La Suprema Corte a S.U., quindi, con sentenza 13 gennaio 2022, n. 927 (testo in calce) enunciato il principio di diritto per cui “allorché l’opposizione a decreto ingiuntivo concesso in materia di locazione di immobili urbani, soggetta al rito speciale di cui all’art. 447-bis c.p.c., sia erroneamente proposta con citazione, anziché con ricorso, non opera la disciplina di mutamento del rito di cui al D. Lgs. N. 150 del 2011, art. 4 – che è applicabile quando una controversia viene promossa in forme diverse da quelle previste dai modelli regolati dal medesimo D. Lgs. N. 150 del 2011 -, producendo l’atto gli effetti del ricorso, in virtù del principio di conversione, se comunque venga depositato entro il termine di cui all’art. 641 cpc”.

La vicenda

Con atto di citazione, l’Azienda Sanitaria Provinciale di Palermo proponeva opposizione al decreto ingiuntivo ritualmente notificatole ed avente ad oggetto somme dovute per indennità di occupazione e oneri accessori. Trattandosi di controversia in materia di locazione, il Tribunale di Palermo, dopo aver disposto ex art. 426 c.p.c. il mutamento del rito da ordinario a speciale, dichiarava l’inammissibilità dell’opposizione in quanto tardiva essendo stato l’atto di citazione depositato in Cancelleria dopo il termine decadenziale ex art. 641 c.p.c. Proposto gravame dall’ Azienda Sanitaria Provinciale di Palermo, la Corte di Appello di Palermo rilevava l’applicabilità al caso di specie dell’art. 4 comma 5 del D.Lgs. n. 150/2011 con salvezza degli effetti della domanda secondo le norme del rito ordinario con cui era stata introdotta l’opposizione, nulla decidendo però nel merito dell’opposizione in quanto, ad avviso della Corte, l’appellante non aveva formulato alcuna domanda in tal senso.
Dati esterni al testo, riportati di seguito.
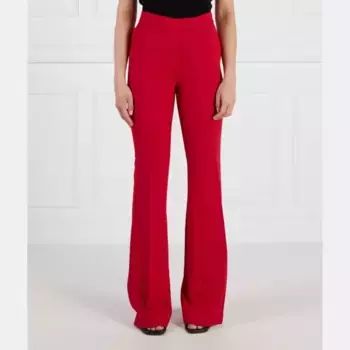 Расклешенные брюки Twinset, красный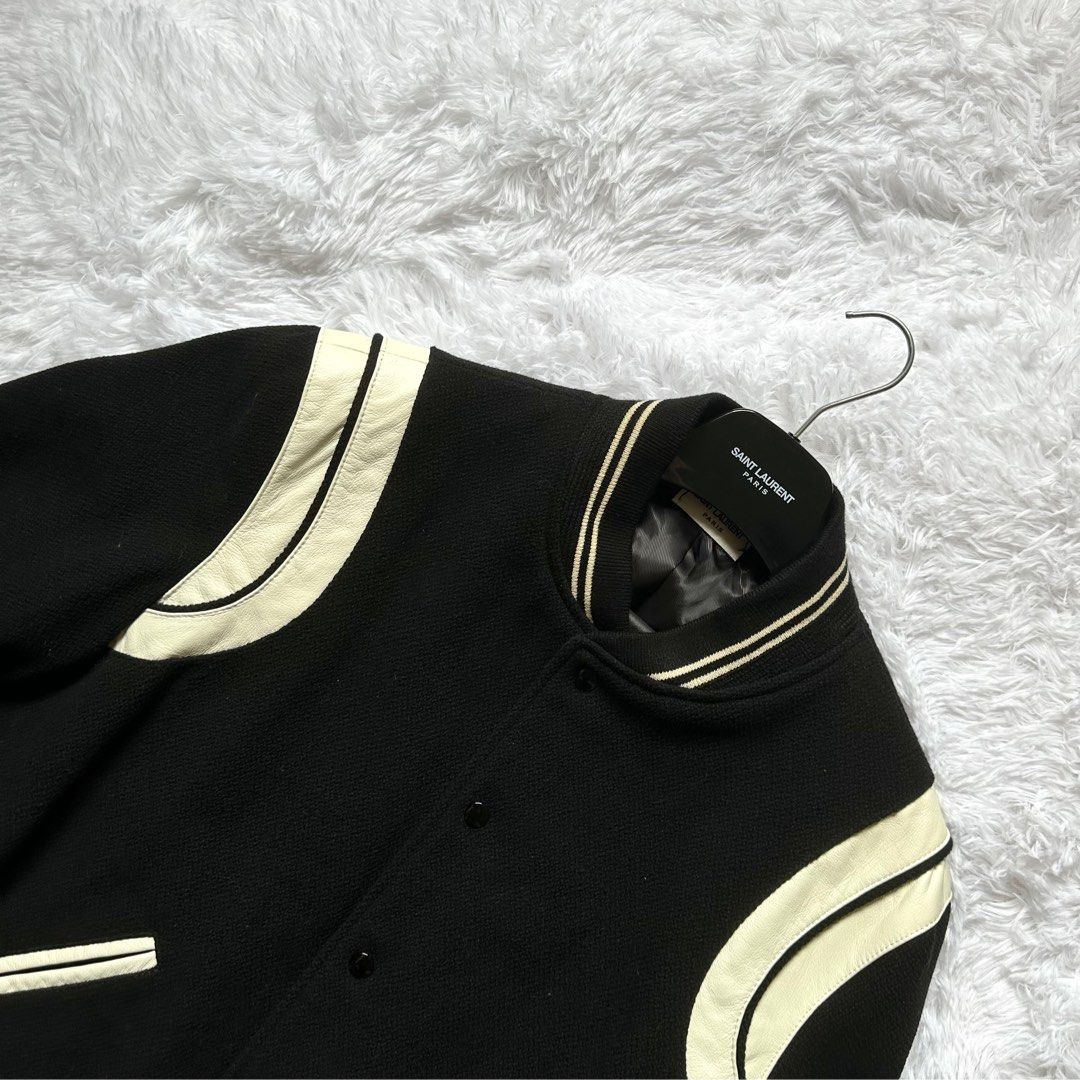 Ysl teddy jacket replica top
L’Azienda Sanitaria Provinciale di Palermo proponeva ricorso per cassazione affermando l’applicabilità al caso di specie dell’art. 4 comma 5 del D.Lgs. n. 150/2011 e la conseguente violazione e falsa applicazione degli artt. 177, 159 e 342 cpc; rispondeva con controricorso contenente ricorso incidentale la società creditrice sostenendo l’inapplicabilità dell’art. 4 comma 5 del D.Lgs. n. 150/2011 al giudizio di opposizione a decreto ingiuntivo in quanto trattasi della seconda fase di un giudizio già pendente e non rientrante nelle materie di cui al decreto legislativo.
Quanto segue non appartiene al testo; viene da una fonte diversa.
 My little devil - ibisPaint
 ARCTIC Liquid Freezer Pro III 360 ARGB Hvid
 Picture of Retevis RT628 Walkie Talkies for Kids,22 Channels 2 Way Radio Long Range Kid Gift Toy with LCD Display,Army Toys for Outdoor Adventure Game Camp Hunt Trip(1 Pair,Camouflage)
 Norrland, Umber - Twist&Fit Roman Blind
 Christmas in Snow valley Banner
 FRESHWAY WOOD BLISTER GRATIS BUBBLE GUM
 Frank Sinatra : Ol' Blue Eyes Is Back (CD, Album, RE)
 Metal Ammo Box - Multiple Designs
La Terza Sezione Civile della Corte di Cassazione, quindi, rilevata la “sussistenza di questione di diritto non decisa in senso univoco da precedenti pronunce della Corte, quanto alla natura di impugnazione o di ordinario giudizio di cognizione del procedimento per opposizione a decreto ingiuntivo, questione incidente anche sulla operatività del mutamento del rito ai sensi del D.Lgs. n. 150 del 2011 art, 4, ha rimesso il ricorso al Primo Presidente per l’assegnazione alle Sezioni Unite” (sentenza  n. 927 del 13/01/2022).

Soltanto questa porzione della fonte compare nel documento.